Exercise directions: From the records below, output exactly the lines running from the line containing "Wall Mural - abstract" through the line containing "visionary art ,pen", and no others.

Material to process:
*** Block opens ***

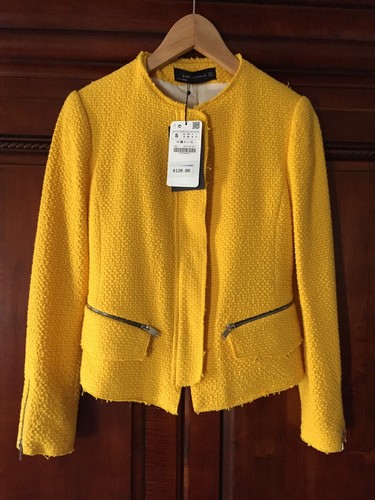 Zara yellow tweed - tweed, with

*** Block closes ***
*** Block opens ***

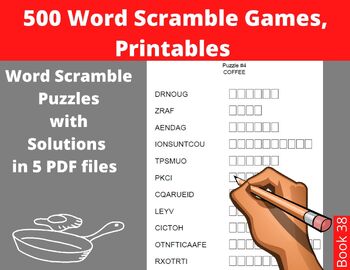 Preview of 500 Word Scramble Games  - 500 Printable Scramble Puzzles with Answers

*** Block closes ***
*** Block opens ***

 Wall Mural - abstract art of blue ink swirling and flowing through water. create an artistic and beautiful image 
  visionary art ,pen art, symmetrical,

*** Block closes ***

Reply to the task:
 Wall Mural - abstract art of blue ink swirling and flowing through water. create an artistic and beautiful image 
  visionary art ,pen art, symmetrical,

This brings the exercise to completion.